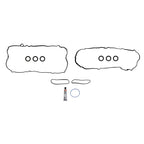 Fel-Pro Ford F-150 VS 50915 R Engine Valve Cover Gasket Set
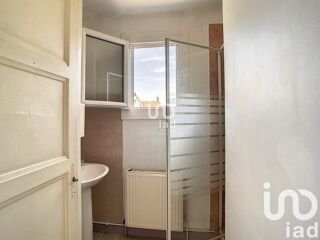  Maison � vendre 6 pi�ces 124 m�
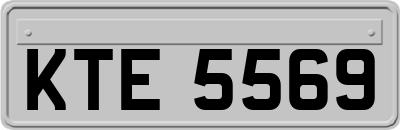KTE5569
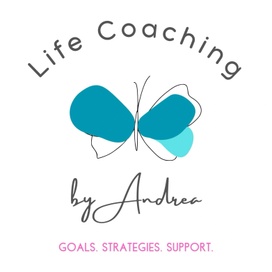 Life Coaching by Andrea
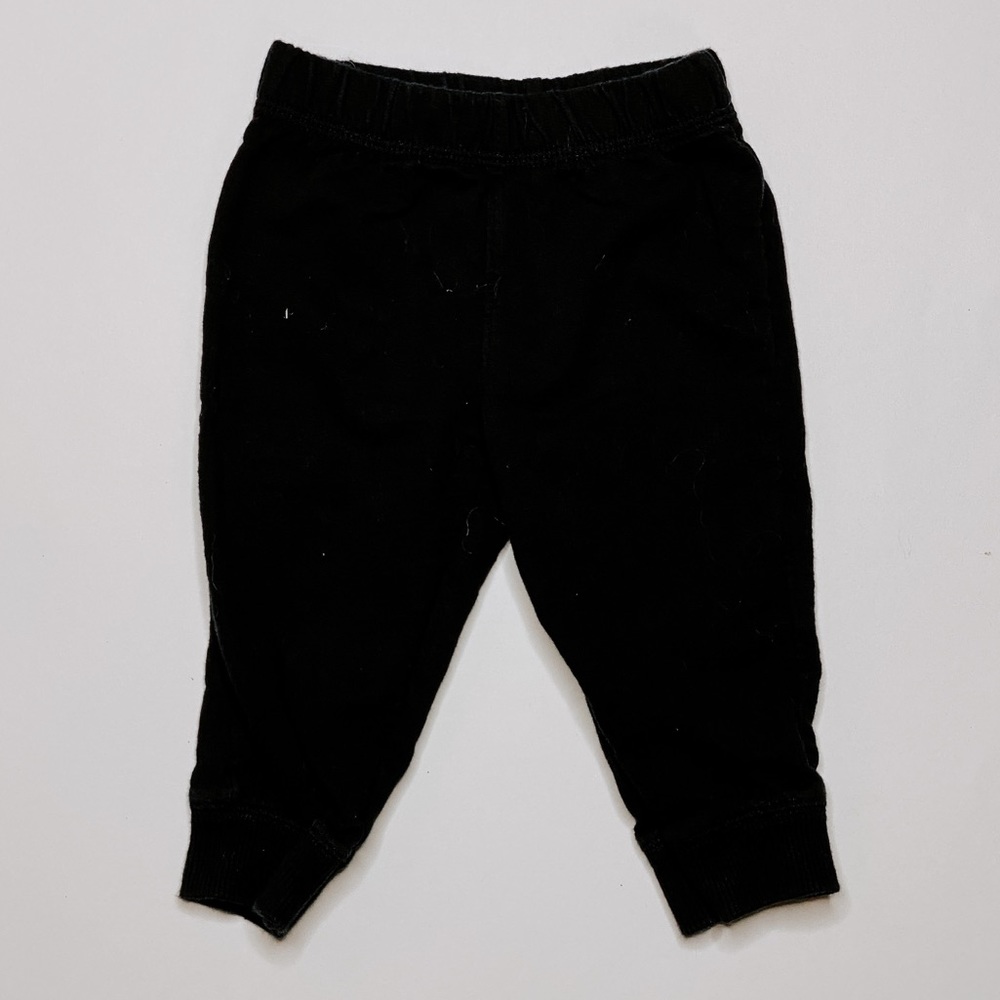 Carter’s // Joggers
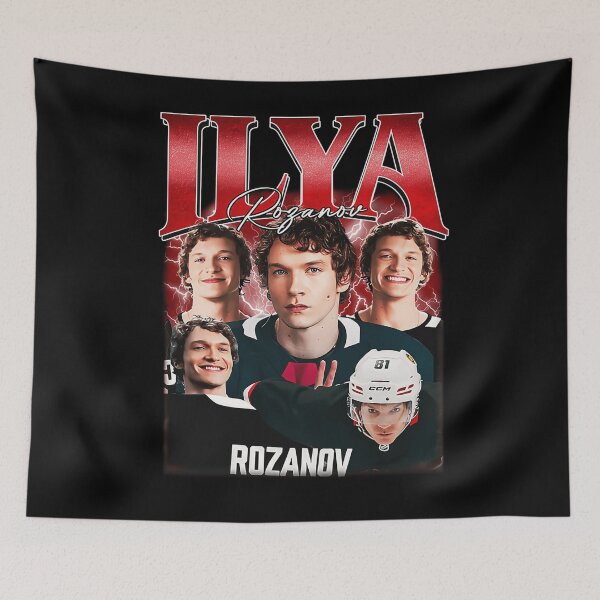 Item preview, Ilya Rozanov Vintage designed and sold by MatthewpeShopus.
====================
### YOUR OBJECTIVE
Write out, with no pictures, only the lines from the line containing "Life Coaching by Andrea" through the last line of the listing above, exactly and with both ends included.

### RESULT OF THIS TASK
 Life Coaching by Andrea
 Carter’s // Joggers
 Item preview, Ilya Rozanov Vintage designed and sold by MatthewpeShopus.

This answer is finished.